FIG. 2 b shows an alternative to the progress illustrated in FIG. 2 a, wherein the conversion server 103 transmits progress information to the requesting client computer 101 in a step 203 b after receiving the request in step 203 and before requesting the web page in step 204.
Turning now to FIG. 3, an exemplary user interface 300 of a web browser running on the client computer 101 is shown. The user interface includes a number of controls that are well known in the art and that for the sake of brevity will not be discussed, including such elements as toolbar buttons and menus. In addition the user interface may include an address field 301 wherein the address, or URL, of a web site may be entered. When such a URL is entered, the web browser may cause a HTTP request to be sent to the server defined as part of the URL, requesting the relevant resource, as explained above.
When a resource such as a web page has been received by the web browser in response to a HTTP request, the web page may be displayed in a web browser window 302. An exemplary web page is illustrated in FIG. 3, including a number of elements that have been included by a web designer or author. A first element may be a headline 303, followed by an introduction 304 and body text 305. Additional elements may include an image 306 and a banner advertisement 307. Images and advertisements may be static images or animated or interactive elements.
Consistent with embodiments of the invention, the example in FIG. 3 includes three conversion links included by the web page author. Each conversion link may represent one type of conversion. For example, a link labeled “print” 308 may represent a print conversion, and a link labeled “summary” may represent a summary conversion 309. A third link may represent a conversion to a well known file format known as Portable Document Format, but most often referred to as PDF.

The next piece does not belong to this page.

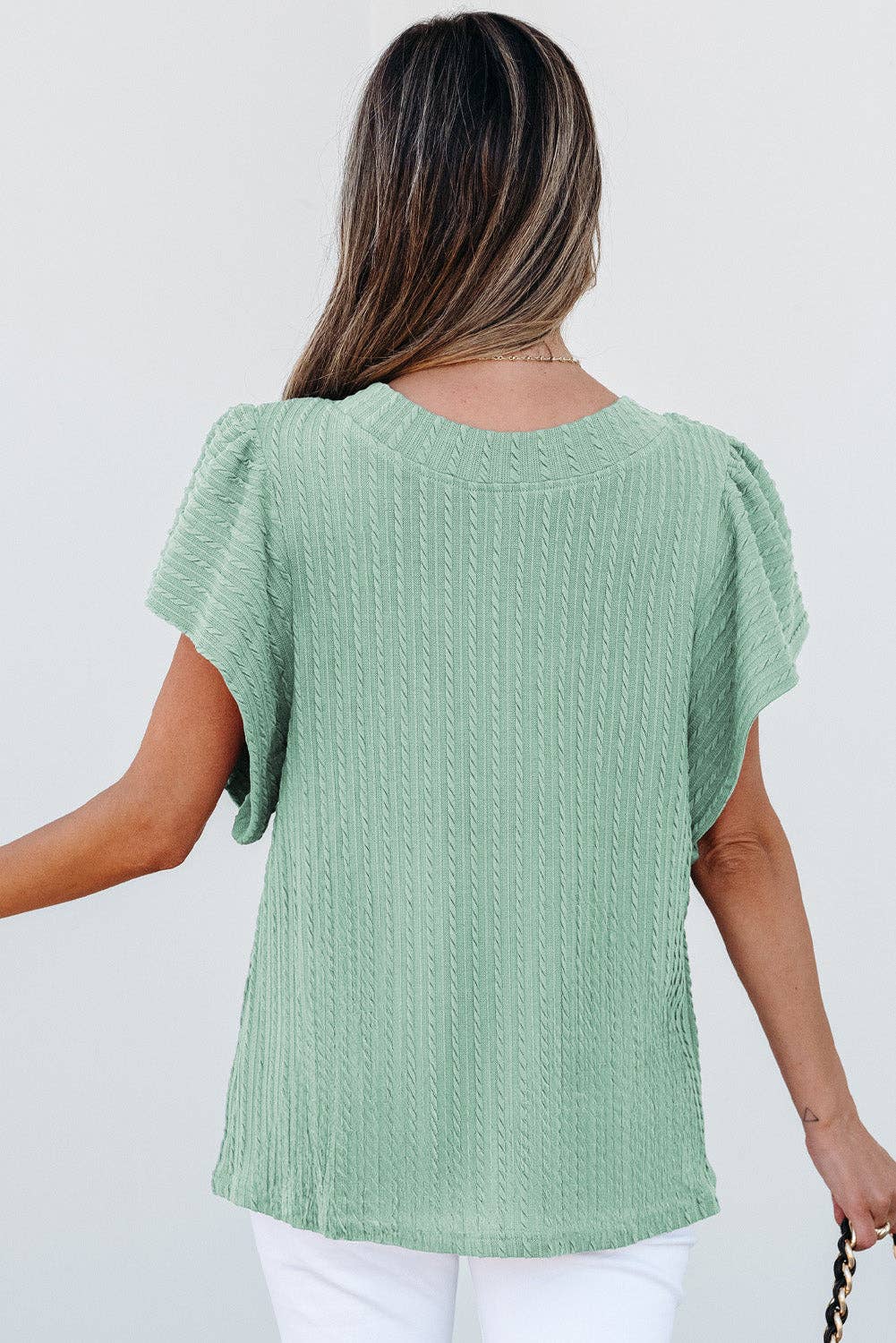 Solid Cable Knit Textured Flutter Sleeve Top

When a user wants to perform a web page conversion, he/she follows the link by clicking on it using an input device such as a mouse, which may be represented on the display as a mouse pointer 311. As a result, a normal HTTP request is sent to a conversion server identified by the link. The conversion server looks at the ‘Referer’ header in the HTTP request to determine the URL of the web page that the user wants to convert. The conversion server fetches this web page (including text, images and other resources) through the HTTP protocol, converts it according to the type of conversion, and returns the converted page as a response to the initial HTTP request. While the user waits for the conversion to take place, he/she may be shown progress information (e.g. a progress bar or advertising). The converted page can be in a different format from the originating web page. For example, the originating web page can be an HTML page, and the returned page can be a PDF document, a WML page, or a JPEG image.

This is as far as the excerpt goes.